Erdoğan, partisinin
TBMM grup toplantısında yaptığı konuşmada, önemli bir sürecin başında olduklarını ifade ederek, ''bundan tam 5 yıl önce bugünlerde
Türkiye, büyük bir girdabın içindeydi. Türkiye'nin en sıkışık, en dar zamanlarında 'her gecenin bir sabahı, her kışın bir baharı var' diye yola çıktık ve Türkiye'ye başarılarla dolu tam 4.5 yıl kazandırdık'' diye konuştu.
Yüzlerinin ve alınlarının ak olduğunu belirten Erdoğan, şunları söyledi:
''Şimdi yeniden milletimize gidiyoruz.
Milletimizin vicdanına, aklına, iradesine gidiyoruz. Türkiye'nin çağdaş
medeniyet hedeflerinden bir tek geri adım atmadan, Cumhuriyetimizin, milletimizin, devletimizin, gücüne güç katarak yolumuza devam ediyoruz. En doğru karar verici olan aziz milletimize gidiyoruz.
Yolun başında milletin emanetine bağlı kalarak, bu yolda emin adımlarla ilerleyeceğimizi, milletimizin iradesinden bir an olsun sapmayacağımızı söylemiştik. Sözlerimizin ardında durduğumuzun şahidi, 70 milyonu aşkın vatandaşımızdır. Vaatlerimizin ardında durduğumuzun şahidi, 81 vilayetimizdeki
ekonomik canlamadır, kalkınmadır. Şahidimiz, yükselen adalettir, derinleşen kardeşliktir, bütün dünyada yükselen itibarımızdır, onurumuzdur. Ne mutlu bize ki bu itibarla, özgüvenle, sadakatle milletimize gidiyoruz.
Biliyoruz ki 22 Temmuzda Türkiye gücüne güç katacaktır. Biliyoruz ki 3 Kasımdan bugüne büyüyen, gelişen bir Türkiye, 22 Temmuzda çok daha yüksek basamaklara çıkacaktır.''
-DEMOKRASİ-
Son bir kaç ay içinde yaşananlarla
AK Parti'nin, Türkiye'nin değişimi, kalkınması için özellikle de Türk
siyaseti ve
demokrasisi için ne kadar önemli olduğunun bir kez daha anlaşıldığını kaydeden Erdoğan, ''Olup biten her şeyi milletimiz, ayan beyan gördü.
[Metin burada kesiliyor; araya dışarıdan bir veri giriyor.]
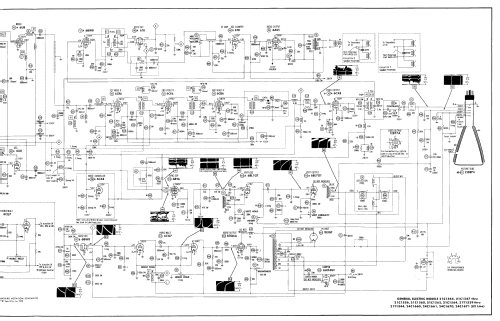 21C1545 ; General Electric Co. (ID = 2551641) Television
Canlı yayınlarda izledik, kimin demokrasiyi içine sindirdiği, kimlerin
halka güvenmediği açık, seçik ortaya çıktı'' dedi.
-CUMHURBAŞKANI SEÇİMİ SÜRECİ-
Erdoğan, başta
CHP olmak üzere, AK Parti dışındaki siyasi partilerin milletin geleceği ve ülkenin prestiji açısından büyük öneme sahip olan
cumhurbaşkanı seçim sürecinde iyi demokrasi sınavı veremediklerini ifade ederek, sözlerini şöyle sürdürdü:
''Bazıları
küçük hesaplar peşinde koştu. Bu ülkenin son 3 cumhurbaşkanı nasıl seçildi, bundan önceki cumhurbaşkanları nasıl seçildi, hepsi ortadayken, yasaları zorlayarak, bunların neticesinde bir tabloyu yakaladıklarını ve bununla beraber bu işi başardıklarını konuşmayı başladılar.
Öyleyse kalan neydi? Millete gitmekti... 'Haydi millete' dediğimiz zaman, bu defa her zaman olduğu gibi, milleten kaçmaya başladılar. Dün ne söyledilerse, ertesi gün değil, 2 saat sonra tam aksini söylediler. Hepimizin varlık zemini olan demokrasiyi el üstünde tutma konusunda gereken hassasiyeti gösteremediler.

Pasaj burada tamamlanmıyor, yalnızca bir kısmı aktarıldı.